═════ Provided data ═════

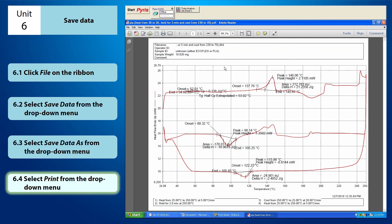Now, your PDF file is ready. Okay, that's all for this tutorial video and good luck in using the Pyris 6 DSC software.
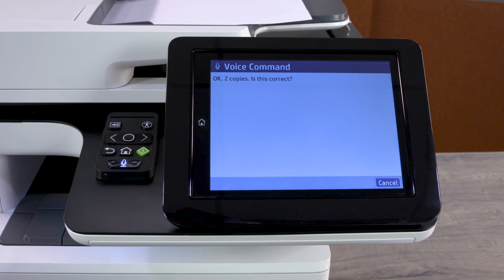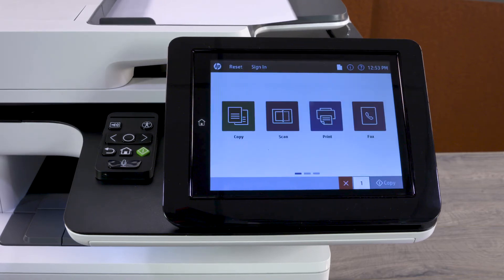If the information is correct, say "Yes" or "Correct." The HP Accessibility Assistant then says "Preparing Job," pulls the original document into the printer, and completes the copy request.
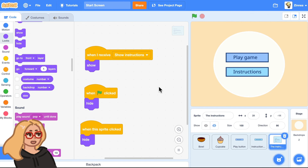And that's what I wanted to show you today. I hope you have fun adding a start menu to any and all of your games. The code for this project will be in the description below so you can always remix that. I'll see you next time — scratch on!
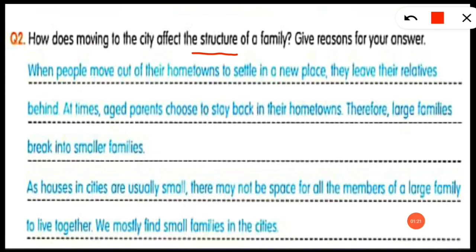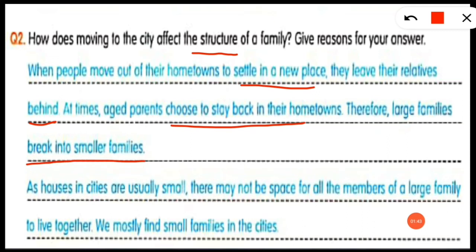The sample answer is: when people move out of their hometowns to settle in a new place, they leave their relatives behind. At times, aged parents choose to stay back in their hometowns. Therefore, large families break up, as houses in cities are usually small and there may not be space for all members of a large family to live together. We mostly find small families in cities. These are the reasons for the change in family structure.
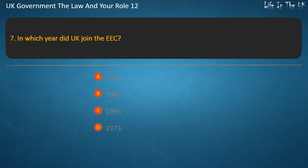Question 7: In which year did the UK join the EEC? Options: 1963, 1983, 1993, 1973. Answer: 1973.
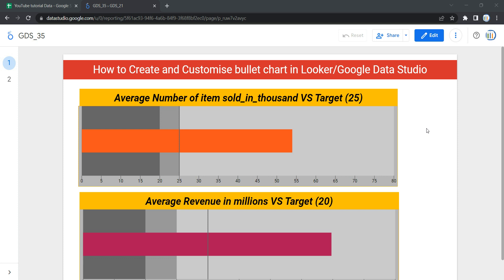Hey everyone, welcome to Data Millenials. I'm Attul, and in this video we are going to see how we can create and customize a bullet chart in our Looker dashboard. We will be creating this bullet chart which you can see on your screen from scratch, but before we start, let's first discuss what exactly a bullet chart is and how it can be useful.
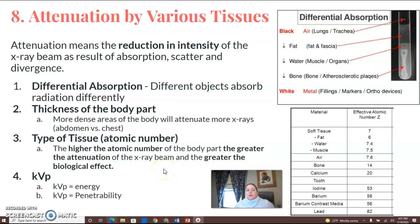All right, back for number eight: attenuation by various tissues. Attenuation means the reduction in intensity of the x-ray beam as a result of absorption, scatter, and divergence.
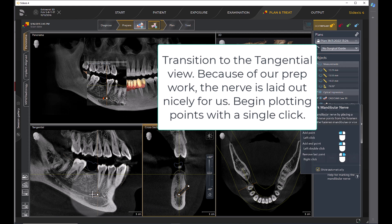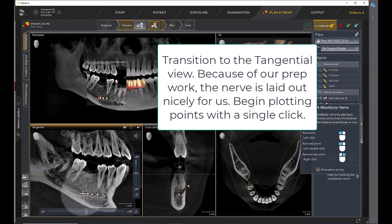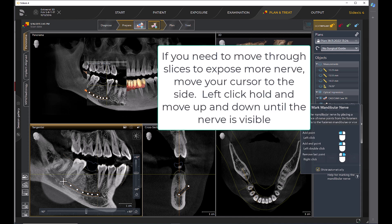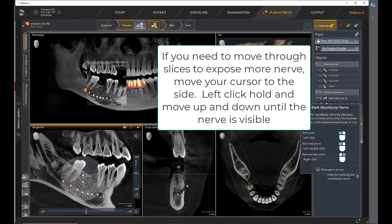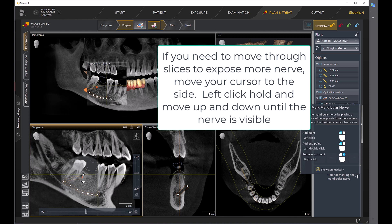Transition to the tangential view. Because of our prep work, the nerve is laid out nicely for us. Begin plotting points with a single click. If you need to move through slices to expose more nerve, move your cursor to the side. Left click hold and move up and down until the nerve is visible.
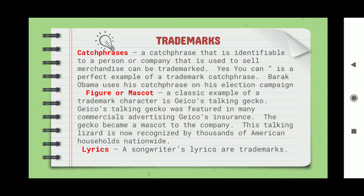Catch phrases — a very specific word or combination of words easily popularized — are also a type of trademark, identifiable to a person or company and used to sell. Airtel and Sun TV have their own catch phrases. A figure or mascot is also a classic example of a trademark character — for example, Jiko the stocking character featured in many commercial advertisements became a mascot for an insurance company. Songwriters' lyrics are also under trademarks.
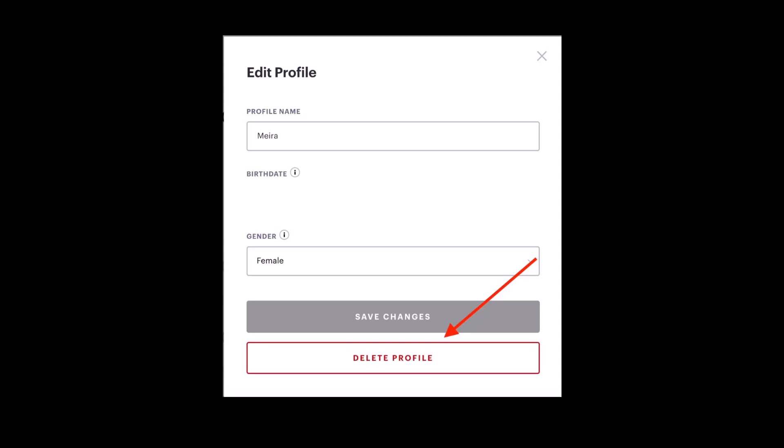And that's all it takes to delete a profile on Hulu. We hope the video was really helpful, and if it did help you, then make sure to leave a like and subscribe to our channel. If you've got any more questions, feel free to leave them down. Thank you very much for watching and see you soon in our next video.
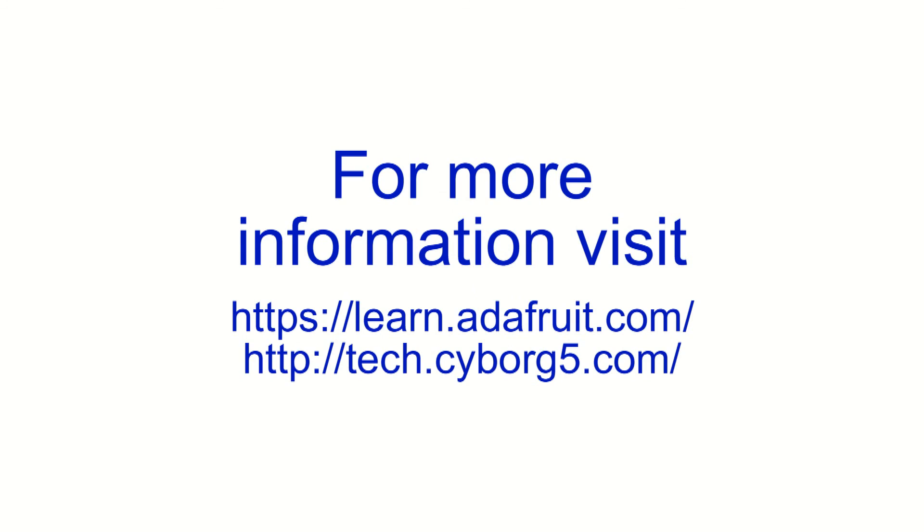For more information, visit learn.adafruit.com or my personal blog, tech.715.com.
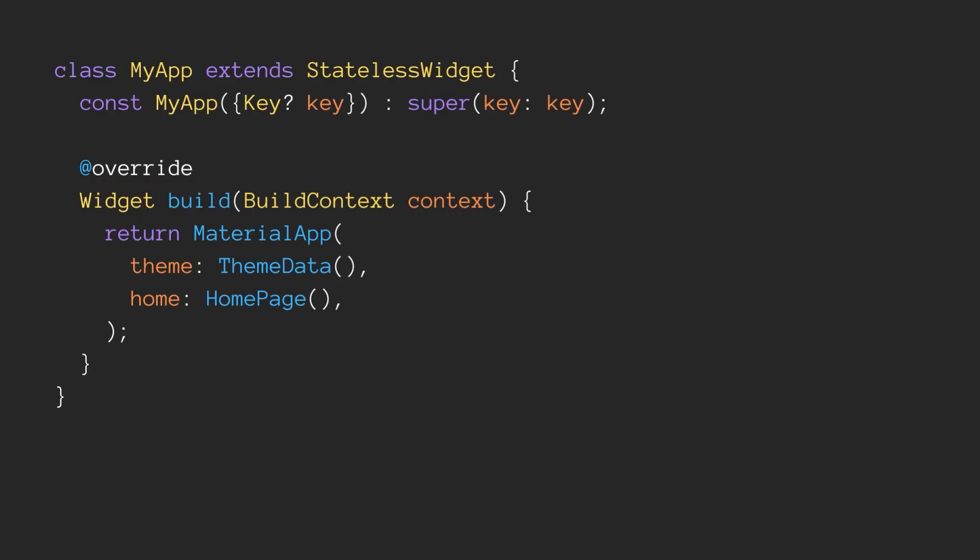To add Material Design 3 in your Flutter application, set Material 3 to true in your theme's constructor. Now all of the widgets from Material Design will have a new design that is Material Design 3. So the integration of Material Design 3 in Flutter was that easy. Now let's explore some of the key features of Material Design 3 that you can integrate in your Flutter application and can make your app more beautiful and accessible than ever.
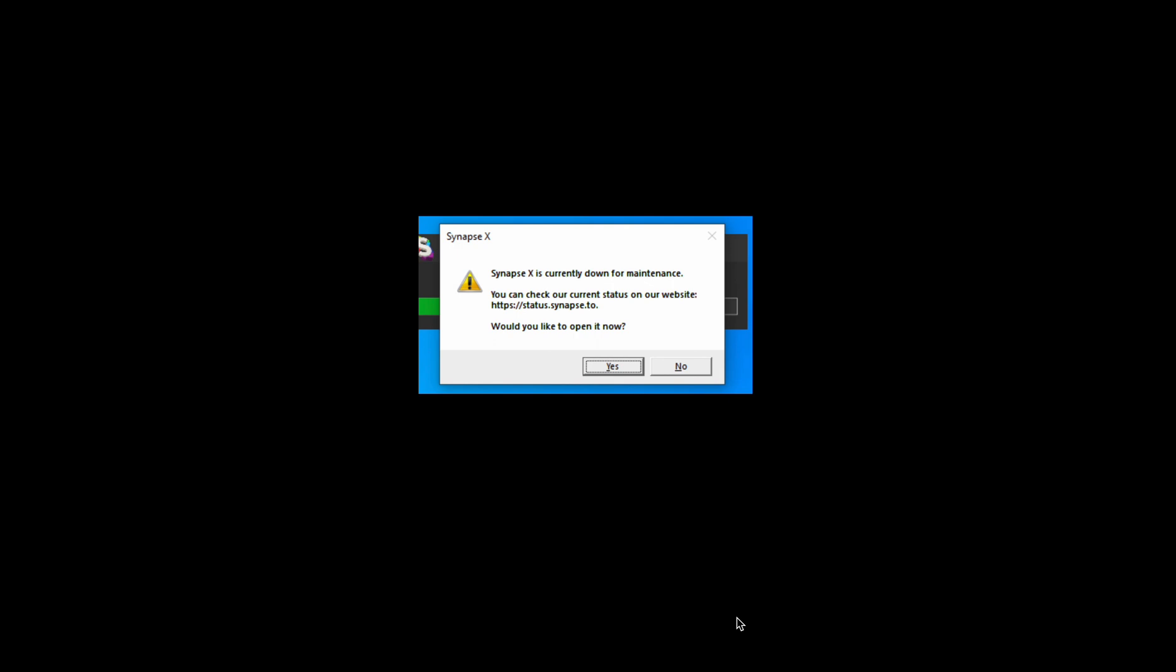So don't worry, I have got you covered. In this video, I'll show you how you can check if Synapse X is down or not and the best way to monitor its server status.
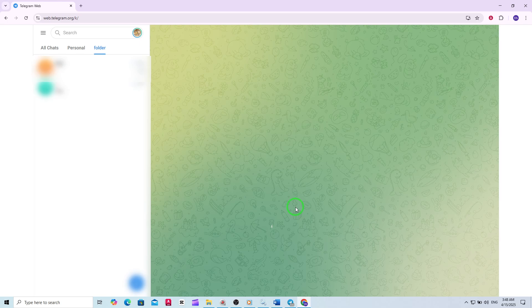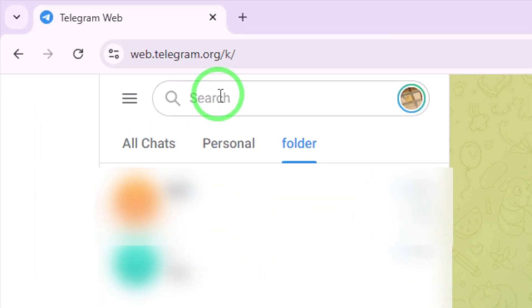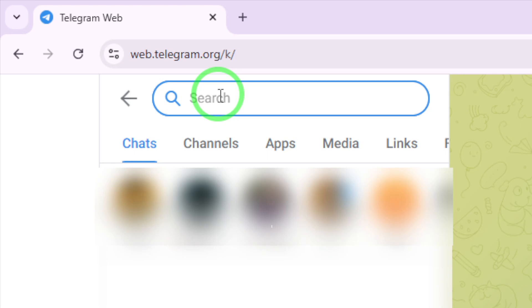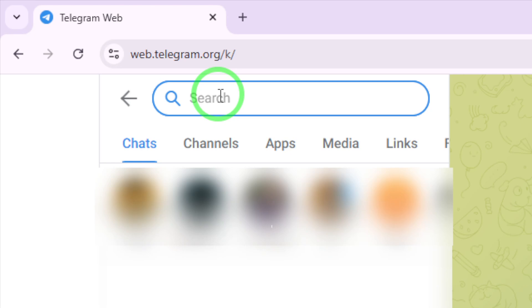Now, locate the search bar at the top of the page, click on it, and you'll notice a drop-down menu with several filter options. Here's where the magic happens.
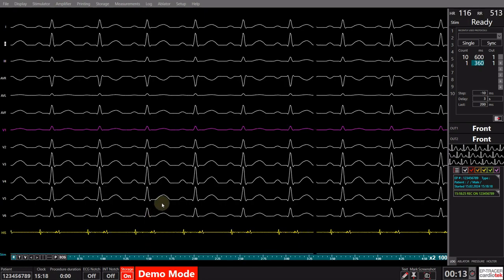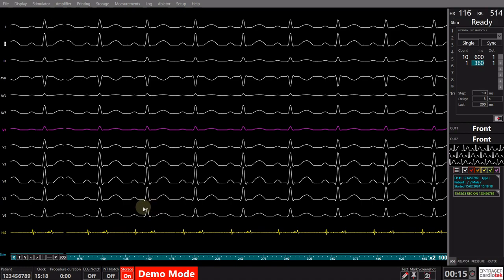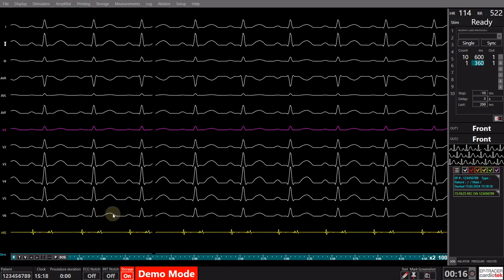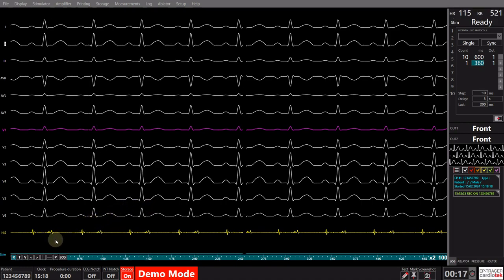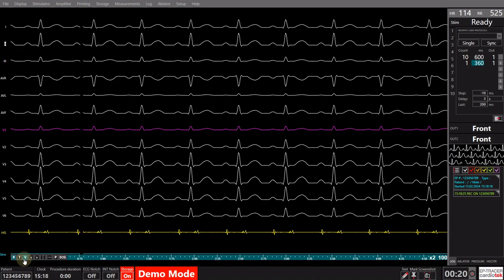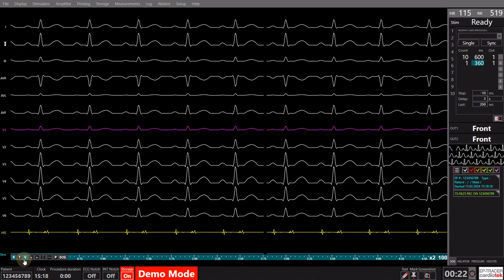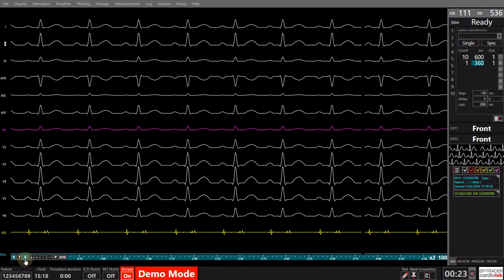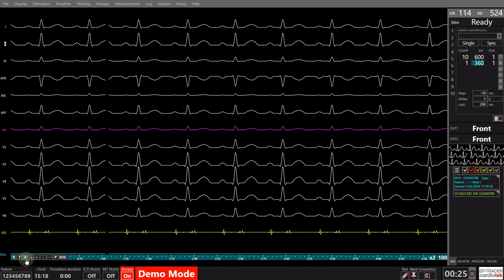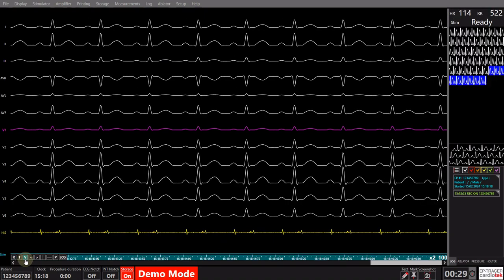During the procedure, the physician may request specific measurements, and to ensure accuracy, these should be taken in view mode after freezing the signals. To transition from real-time to view mode, click the V button, or press F1.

═════

What to work on
Give the lines above again exactly, from the one containing "And that's what" to the one containing "Question 7: In", both included, but leave out the pictures.

Solution to this task
And that's what I wanted to show you today. I hope you have fun adding a start menu to any and all of your games. The code for this project will be in the description below so you can always remix that. I'll see you next time — scratch on!
The sample answer is: when people move out of their hometowns to settle in a new place, they leave their relatives behind. At times, aged parents choose to stay back in their hometowns. Therefore, large families break up, as houses in cities are usually small and there may not be space for all members of a large family to live together. We mostly find small families in cities. These are the reasons for the change in family structure.
Question 7: In which year did the UK join the EEC? Options: 1963, 1983, 1993, 1973. Answer: 1973.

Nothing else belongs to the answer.